The Cold War was a tense and dangerous period in human history, with the U.S. and U.S.S.R. vying for global dominance. In the midst of this standoff, the U.S. Air Force conceived a radical plan to stop Soviet missiles. However, this plan had the potential to destroy life on Earth, as reported by the Daily Mail.
The plan was first revealed by Daniel Ellsberg in his 2017 book, “The Doomsday Machine: Confessions of a Nuclear War Planner.” Known as “Project Retro,” the classified proposal involved using one thousand Atlas engines, the largest available, positioned horizontally to counteract the Earth's rotation. The goal was to cause Soviet missiles to overshoot their targets.
From the Air Force officials, the plan was passed on to the Pentagon Papers whistleblower, Ellsberg. "The officer originating this proposal envisioned that if our Ballistic Missile Early Warning System (BMEWS) radars detected and reported on the huge viewing screens at NORAD a large flight of missile warheads coming across the North Pole from the Soviet Union – aimed at our missile fields in North and South Dakota, Wyoming, Montana, and Missouri – the array of Atlas engines would be fired, as near simultaneously as possible, to stop the Earth’s rotation momentarily," Ellsberg wrote, as per the Daily Grail.
Ellsberg was working as a strategic analyst at the RAND (research and development) Corporation during this time. When he received the proposal, he was baffled. He thought it was a bonkers idea. “You didn't have to be a geophysicist, which I wasn't, to see some defects with this scheme,” he wrote, per the Daily Mail. According to him, there were several loopholes in the strategy. The “angular momentum” of rocks, air, and water on Earth’s surface would cause everything on the planet to continue moving sideways at enormous speed. Objects would be flying through the wind and structures would collapse into rubble.
If the Earth’s rotation had stopped, even for a brief period, it would have wiped away life from the planet and had catastrophic consequences, per Space. Everything not attached to the planet would be moving at around 1000 mph (1,600 km/hr), as Ellsberg also said. Extreme forces would have likely triggered tsunamis or earthquakes. Since air and ocean currents are influenced by Earth’s rotation, the length of days and nights would have drastically changed.

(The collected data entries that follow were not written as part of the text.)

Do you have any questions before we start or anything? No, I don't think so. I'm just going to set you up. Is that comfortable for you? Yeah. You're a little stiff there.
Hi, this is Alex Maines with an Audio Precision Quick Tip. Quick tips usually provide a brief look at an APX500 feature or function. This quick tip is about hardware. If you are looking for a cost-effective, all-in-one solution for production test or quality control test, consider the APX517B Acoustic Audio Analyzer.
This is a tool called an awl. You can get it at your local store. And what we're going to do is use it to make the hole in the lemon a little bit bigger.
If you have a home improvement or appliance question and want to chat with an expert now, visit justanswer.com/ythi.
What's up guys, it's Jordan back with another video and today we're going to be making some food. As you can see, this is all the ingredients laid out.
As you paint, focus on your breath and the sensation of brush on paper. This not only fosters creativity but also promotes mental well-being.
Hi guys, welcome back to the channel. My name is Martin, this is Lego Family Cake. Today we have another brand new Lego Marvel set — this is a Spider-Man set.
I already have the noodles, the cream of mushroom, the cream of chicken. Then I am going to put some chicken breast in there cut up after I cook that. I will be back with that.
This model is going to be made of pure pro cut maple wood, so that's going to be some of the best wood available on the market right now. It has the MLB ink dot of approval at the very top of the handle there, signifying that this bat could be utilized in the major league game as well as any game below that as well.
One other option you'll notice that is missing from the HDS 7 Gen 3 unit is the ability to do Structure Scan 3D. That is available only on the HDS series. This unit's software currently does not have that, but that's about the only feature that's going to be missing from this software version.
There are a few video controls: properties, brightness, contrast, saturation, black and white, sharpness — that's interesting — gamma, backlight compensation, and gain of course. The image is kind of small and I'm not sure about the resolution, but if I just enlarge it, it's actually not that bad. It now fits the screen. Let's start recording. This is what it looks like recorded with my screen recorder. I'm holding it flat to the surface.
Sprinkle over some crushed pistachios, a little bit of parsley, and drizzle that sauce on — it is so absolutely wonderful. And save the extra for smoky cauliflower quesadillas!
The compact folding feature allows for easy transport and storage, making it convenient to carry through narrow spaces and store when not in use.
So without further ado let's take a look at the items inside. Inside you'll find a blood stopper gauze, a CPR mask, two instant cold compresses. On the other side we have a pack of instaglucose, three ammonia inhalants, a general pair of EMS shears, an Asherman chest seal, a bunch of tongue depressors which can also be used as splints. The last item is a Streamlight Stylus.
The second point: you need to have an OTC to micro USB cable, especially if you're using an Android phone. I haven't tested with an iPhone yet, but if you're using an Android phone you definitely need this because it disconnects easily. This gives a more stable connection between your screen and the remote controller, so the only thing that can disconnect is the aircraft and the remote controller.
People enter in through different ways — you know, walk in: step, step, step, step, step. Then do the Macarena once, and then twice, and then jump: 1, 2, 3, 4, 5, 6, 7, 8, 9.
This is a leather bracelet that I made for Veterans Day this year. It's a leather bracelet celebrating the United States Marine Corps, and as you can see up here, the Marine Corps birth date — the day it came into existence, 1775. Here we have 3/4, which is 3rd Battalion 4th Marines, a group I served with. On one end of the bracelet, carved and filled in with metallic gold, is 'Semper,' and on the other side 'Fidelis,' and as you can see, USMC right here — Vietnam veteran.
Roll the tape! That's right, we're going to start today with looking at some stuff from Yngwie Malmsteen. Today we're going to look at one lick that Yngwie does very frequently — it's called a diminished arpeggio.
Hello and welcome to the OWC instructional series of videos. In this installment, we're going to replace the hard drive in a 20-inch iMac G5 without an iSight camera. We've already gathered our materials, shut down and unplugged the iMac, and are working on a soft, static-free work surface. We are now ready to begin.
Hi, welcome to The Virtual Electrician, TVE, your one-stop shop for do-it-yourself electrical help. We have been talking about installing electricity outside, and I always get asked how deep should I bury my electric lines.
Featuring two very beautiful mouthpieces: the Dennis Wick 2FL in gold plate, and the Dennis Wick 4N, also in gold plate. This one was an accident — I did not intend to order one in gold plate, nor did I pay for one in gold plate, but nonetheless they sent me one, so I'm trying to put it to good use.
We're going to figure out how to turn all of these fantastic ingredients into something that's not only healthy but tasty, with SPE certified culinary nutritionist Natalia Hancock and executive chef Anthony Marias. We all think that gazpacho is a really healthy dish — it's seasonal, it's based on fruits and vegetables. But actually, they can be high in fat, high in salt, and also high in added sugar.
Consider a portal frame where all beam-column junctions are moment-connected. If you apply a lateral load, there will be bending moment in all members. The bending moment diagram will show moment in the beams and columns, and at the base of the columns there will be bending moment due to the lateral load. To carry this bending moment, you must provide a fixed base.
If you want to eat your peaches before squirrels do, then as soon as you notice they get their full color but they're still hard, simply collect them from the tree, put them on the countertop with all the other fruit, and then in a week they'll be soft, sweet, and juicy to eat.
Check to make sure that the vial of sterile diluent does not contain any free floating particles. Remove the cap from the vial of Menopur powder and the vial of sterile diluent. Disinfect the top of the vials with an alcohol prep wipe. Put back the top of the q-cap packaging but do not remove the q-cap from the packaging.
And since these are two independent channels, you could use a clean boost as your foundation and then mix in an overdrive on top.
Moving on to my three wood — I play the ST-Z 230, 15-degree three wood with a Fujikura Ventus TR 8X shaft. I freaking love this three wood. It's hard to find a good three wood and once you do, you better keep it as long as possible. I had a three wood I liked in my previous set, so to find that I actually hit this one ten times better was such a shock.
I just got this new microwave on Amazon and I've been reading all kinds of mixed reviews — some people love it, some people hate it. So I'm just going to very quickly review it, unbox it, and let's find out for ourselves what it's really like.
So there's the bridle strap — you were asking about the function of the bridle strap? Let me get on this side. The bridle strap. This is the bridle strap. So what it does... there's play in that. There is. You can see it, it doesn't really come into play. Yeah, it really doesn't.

While one part of the planet would receive fierce sunlight, others would be deemed as unhabitable. Lakes would boil, and life would survive only on a tiny strip of the planet. Besides, the Earth’s magnetic field that protects life from harmful radiation works when liquid metal flows to its outer core, creating electrical currents that require Earth’s rotation.
And even if they were to execute this hysterical plan, it wasn’t possible anyway. Speaking to Ellsberg, a physicist explained that even 1,000 rockets would be far too little to stop Earth’s rotation, and if you somehow could summon up enough thrust to pause Earth’s rotation, it would probably tear the planet’s surface apart. Mathematics says the same thing. According to math, this scheme would have required around “a million billion” rocket engines, not just a thousand. And by no means, the Air Force could procure this quantity, per IFL Science.